WORK INSTRUCTIONS
From the entries that follow, reproduce exactly and only the lines from the line with "El martes, la" to the line with "Mobula alfredi na čistící stanici", endpoints included.

RECORDS FOR THIS EXERCISE
--------------------------------------------------
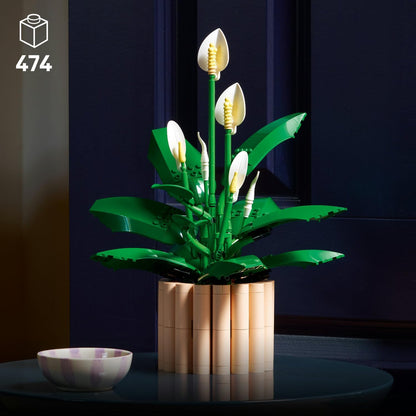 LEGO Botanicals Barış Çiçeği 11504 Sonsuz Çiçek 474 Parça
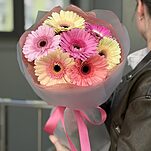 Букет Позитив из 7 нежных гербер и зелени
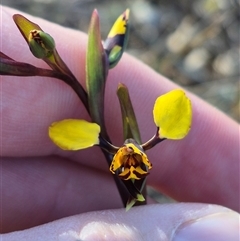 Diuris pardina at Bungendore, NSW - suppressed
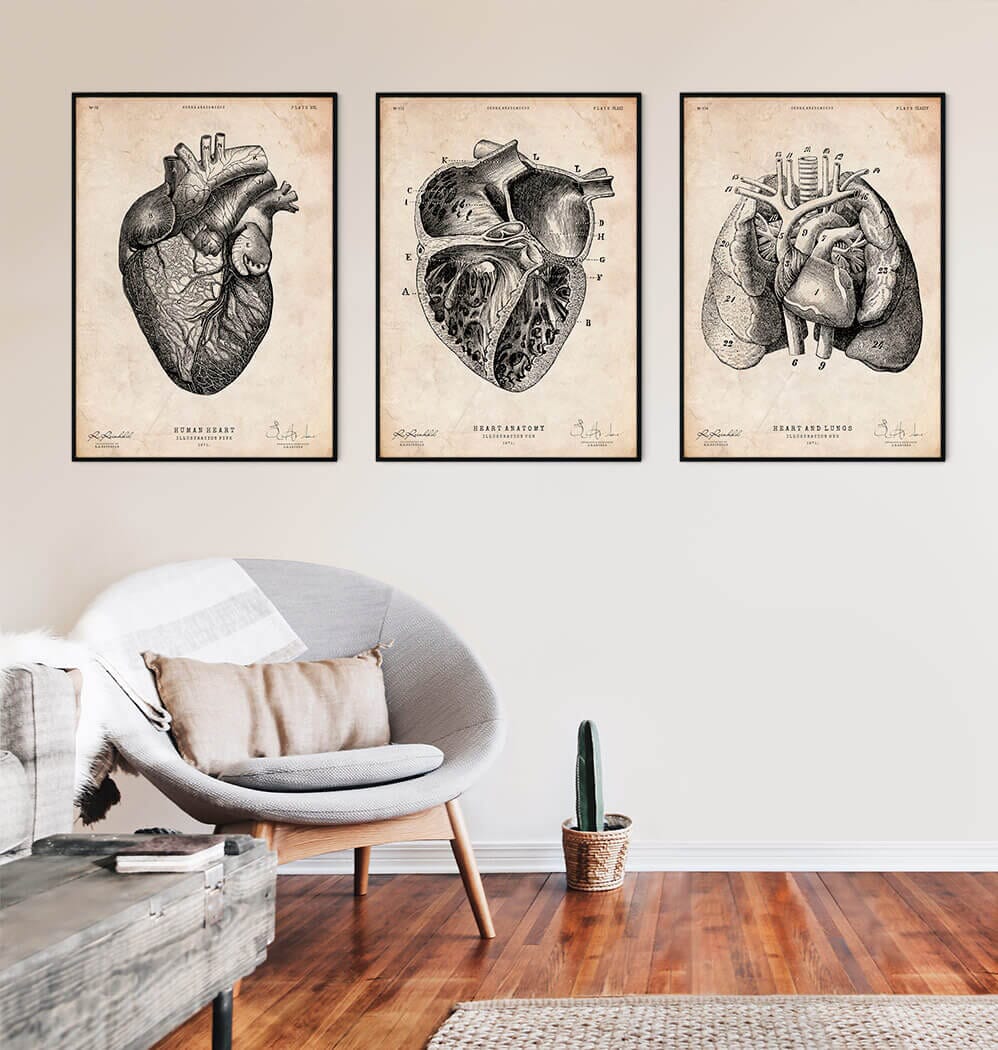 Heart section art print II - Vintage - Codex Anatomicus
--------------------------------------------------
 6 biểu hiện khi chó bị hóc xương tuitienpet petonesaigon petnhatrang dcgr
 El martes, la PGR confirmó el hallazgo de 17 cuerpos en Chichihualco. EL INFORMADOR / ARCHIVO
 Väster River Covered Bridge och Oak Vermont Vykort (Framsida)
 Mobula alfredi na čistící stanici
--------------------------------------------------
OUTPUT FOR THIS EXERCISE
 El martes, la PGR confirmó el hallazgo de 17 cuerpos en Chichihualco. EL INFORMADOR / ARCHIVO
 Väster River Covered Bridge och Oak Vermont Vykort (Framsida)
 Mobula alfredi na čistící stanici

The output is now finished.